Create a program to find all the prime numbers between 1 and 100. There is a classic method for doing this, called the “Sieve of Eratosthenes.” If you don’t know that method, get on the web and look it up. Write your program using this method.
// Comments:
// The method (as stated by wikipedia at
// https://en.wikipedia.org/wiki/Sieve_of_Eratosthenes) is:
// 1 - Create a list of consecutive integers from 2 through n.
// 2 - Initially, let p equal 2, the smallest primer number.
// 3 - Enumerate the multiplies of p by counting to n from 2p in increments
// of p, and mark them in the list. The p itself should not be marked.
// 4 - Find the first number greater than p in the list that is not marked.
// If there was not a such number, stop. Otherwise, let p now equal this
// new number an repeat from step 3.
#include <iostream>
#include <vector>
using namespace std;
int main()
{
int limit = 100;
// (step 1) Use a vector as a list of numbers (its indexes)
// and use the values contained as markers (0 not marked, 1 marked).
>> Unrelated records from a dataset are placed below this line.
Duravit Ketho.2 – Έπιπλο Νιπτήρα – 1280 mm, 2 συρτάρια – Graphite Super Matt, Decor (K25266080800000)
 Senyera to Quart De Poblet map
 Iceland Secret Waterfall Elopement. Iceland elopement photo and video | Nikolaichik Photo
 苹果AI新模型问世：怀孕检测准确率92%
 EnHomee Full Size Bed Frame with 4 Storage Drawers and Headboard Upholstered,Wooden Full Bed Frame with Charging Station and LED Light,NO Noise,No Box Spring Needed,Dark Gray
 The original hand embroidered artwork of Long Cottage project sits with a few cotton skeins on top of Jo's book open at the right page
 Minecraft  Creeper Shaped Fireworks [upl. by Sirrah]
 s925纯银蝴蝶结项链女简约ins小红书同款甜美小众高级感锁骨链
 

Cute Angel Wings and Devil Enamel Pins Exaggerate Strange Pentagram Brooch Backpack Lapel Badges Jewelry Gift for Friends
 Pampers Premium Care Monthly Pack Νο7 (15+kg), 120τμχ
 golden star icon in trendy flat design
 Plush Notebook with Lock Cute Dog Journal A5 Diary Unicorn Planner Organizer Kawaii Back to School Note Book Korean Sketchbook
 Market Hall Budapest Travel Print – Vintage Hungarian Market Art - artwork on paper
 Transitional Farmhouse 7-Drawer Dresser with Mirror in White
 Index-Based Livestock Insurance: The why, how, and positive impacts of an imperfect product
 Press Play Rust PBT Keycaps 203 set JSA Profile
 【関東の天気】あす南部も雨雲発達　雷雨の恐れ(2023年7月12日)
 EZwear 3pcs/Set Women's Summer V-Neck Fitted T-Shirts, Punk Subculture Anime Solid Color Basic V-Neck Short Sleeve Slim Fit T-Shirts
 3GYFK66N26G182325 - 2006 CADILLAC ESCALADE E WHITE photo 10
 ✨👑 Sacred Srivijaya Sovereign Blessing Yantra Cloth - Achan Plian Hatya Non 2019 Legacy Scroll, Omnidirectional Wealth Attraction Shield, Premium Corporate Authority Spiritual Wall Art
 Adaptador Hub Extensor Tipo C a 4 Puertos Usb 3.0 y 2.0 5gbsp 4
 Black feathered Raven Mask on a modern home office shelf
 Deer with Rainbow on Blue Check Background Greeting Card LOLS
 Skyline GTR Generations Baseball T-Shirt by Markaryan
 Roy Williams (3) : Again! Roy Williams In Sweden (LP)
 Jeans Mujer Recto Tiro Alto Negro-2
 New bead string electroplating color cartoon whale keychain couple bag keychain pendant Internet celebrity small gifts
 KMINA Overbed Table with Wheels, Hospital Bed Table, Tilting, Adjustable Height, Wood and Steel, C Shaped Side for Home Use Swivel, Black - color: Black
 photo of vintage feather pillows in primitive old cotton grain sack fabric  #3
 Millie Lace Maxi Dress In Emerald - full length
// As stated in page 118, this vector will have "limit+1" elements
// initialized to zero.
vector<int> primes(limit+1);
for (int i=2; i <= limit; ++i) {
// (step 2 and 4) If not marked, this is the next prime (initially 2, as step 2 of the
// method).
if ( primes[i] == 0 ){
// step 3
int m {i+i};
while (m <= limit) {
primes[m] = 1;
m += i;
}
}
}
cout << "Primes between 1 and " << limit << ":\n";
for (int i=2; i <= limit; ++i)
if (primes[i] == 0) cout << i << '\n';
return 0;
}